Amelia Boynton Robinson: The one thing that we cannot give is life. That is one thing we cannot compensate, in the way that we bring a person back. Consequently, as Lyn has said, we do want to go into war, or anything else that will take the life of anybody.

For the young people who will be out there demonstrating. I would like to give them at least a point or two of the ways we demonstrated.

First of all, we learned to contain our rage. We never get angry and fight back verbally, when we are marching or demonstrating. It is important that we do that, because you would be surprised to know how, when we contain ourselves, our rage, and do not fight back verbally, we can tame the other fellow, who seemed to be in a rage when he began to curse us, and to be evil. We can tame them, like the lion tamer can tame a lion. And that is very important.
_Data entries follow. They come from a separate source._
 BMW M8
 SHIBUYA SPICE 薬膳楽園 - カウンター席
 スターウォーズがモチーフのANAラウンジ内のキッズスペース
Another thing: Use wisdom when you go out to contact people, or when you have the opposite [side] who will march and demonstrate also. And if we stick together, not one person will go out when you know there is a vicious crowd: Go out in a group, or at least more than one. And when they begin to feud, and fuss, and curse you, you'll do more when you try to tell them the importance of your fighting for them, and for their children, and their children's children. Because you are trying to save them. Let them know that you are not out there on the battlefield for yourself, but you are out there for them. Finally, you'll find some of those same people will come in and ask, "Well, what can I do."

Jonathan Tennenbaum: We have a declaration here, which was read by Erin. The formulations may change a bit, but everybody understands the essence, the sense of the declaration. So I think we should have an approbation of the document, without discussing formulations. We can agree on the essence of that matter.

[The participants voted to support the declaration.]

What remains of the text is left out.